--- Directions ---
The reply should contain all the data below, repeated exactly, and none of the images.
Data: Begin
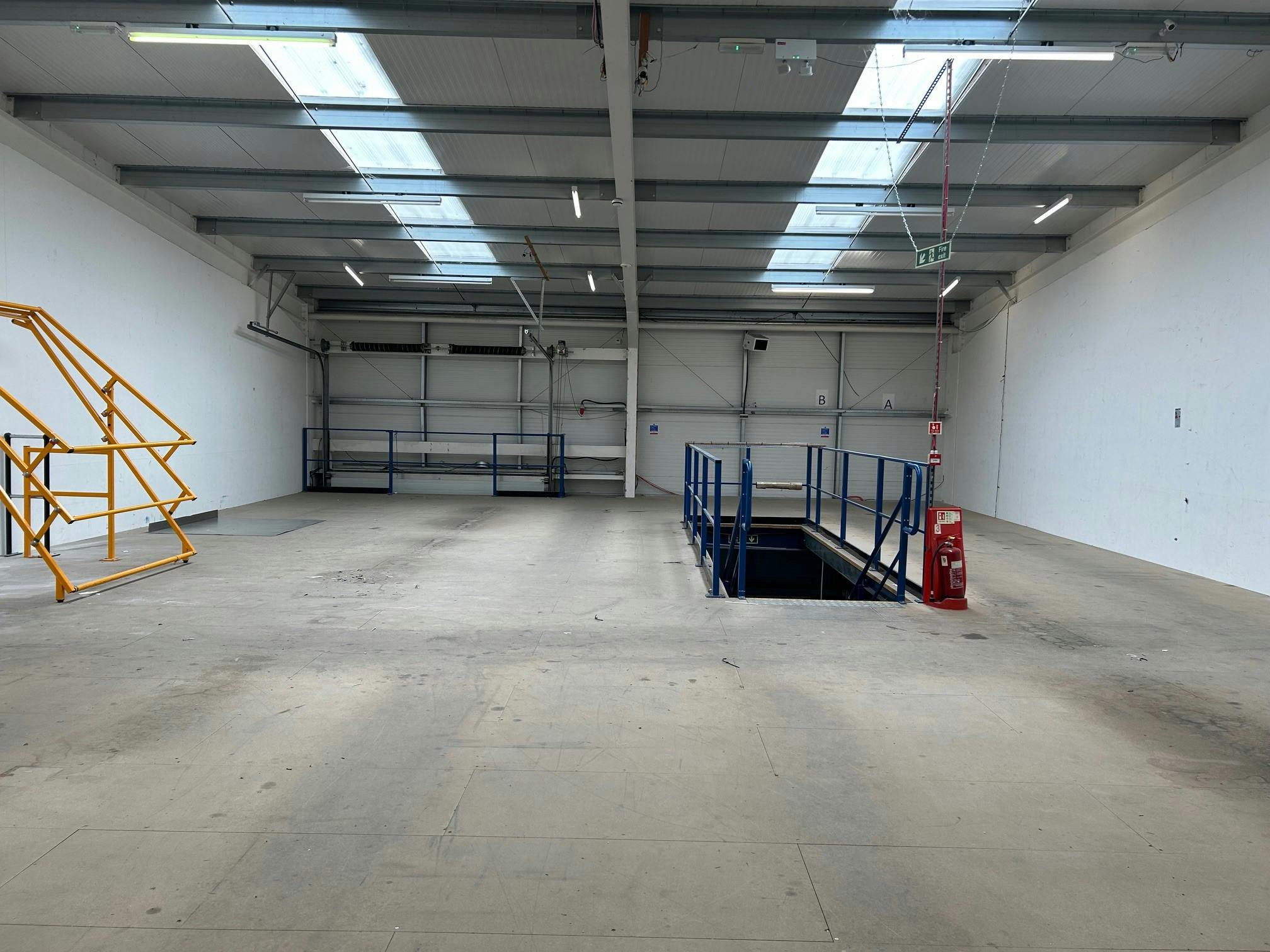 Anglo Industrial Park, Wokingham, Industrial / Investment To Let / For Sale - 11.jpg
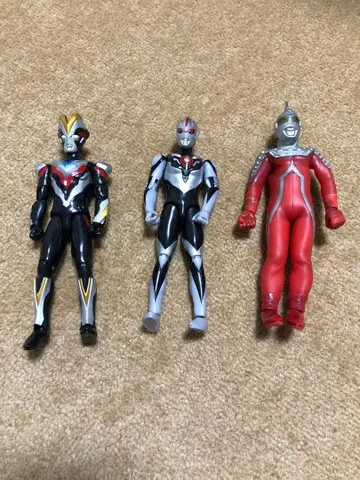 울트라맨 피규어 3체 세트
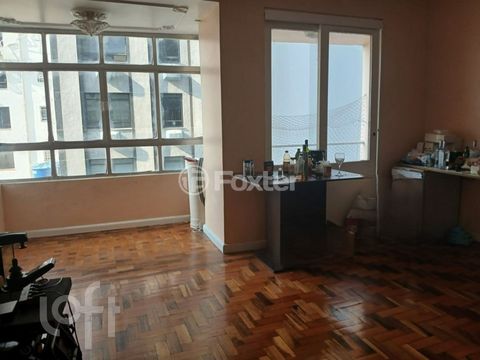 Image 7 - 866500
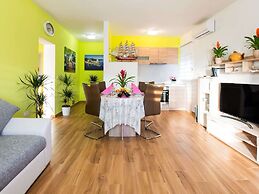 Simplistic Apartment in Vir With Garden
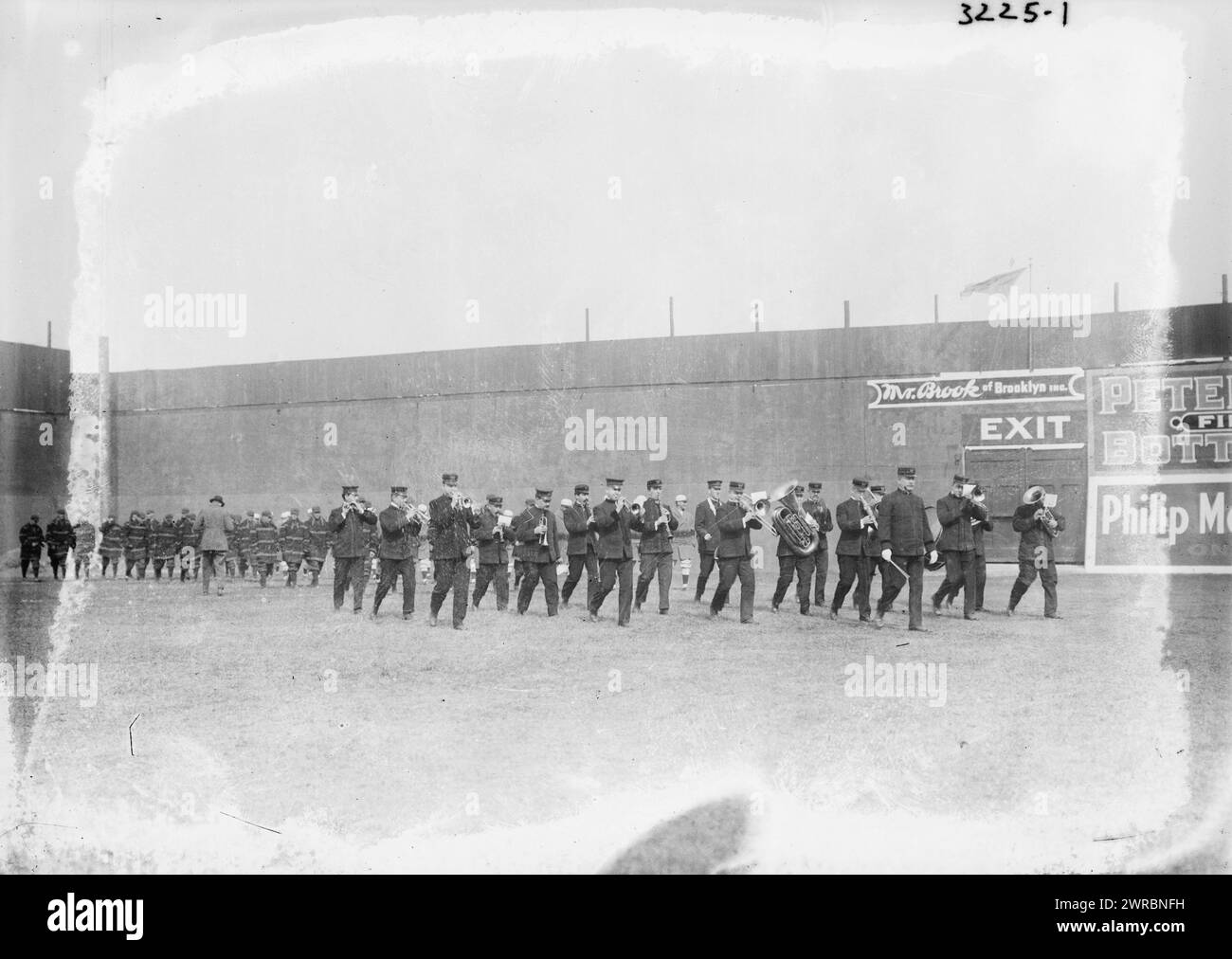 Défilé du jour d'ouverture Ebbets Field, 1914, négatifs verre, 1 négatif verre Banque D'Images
Data: End
--- Result of this exercise ---
 Anglo Industrial Park, Wokingham, Industrial / Investment To Let / For Sale - 11.jpg
 울트라맨 피규어 3체 세트
 Image 7 - 866500
 Simplistic Apartment in Vir With Garden
 Défilé du jour d'ouverture Ebbets Field, 1914, négatifs verre, 1 négatif verre Banque D'Images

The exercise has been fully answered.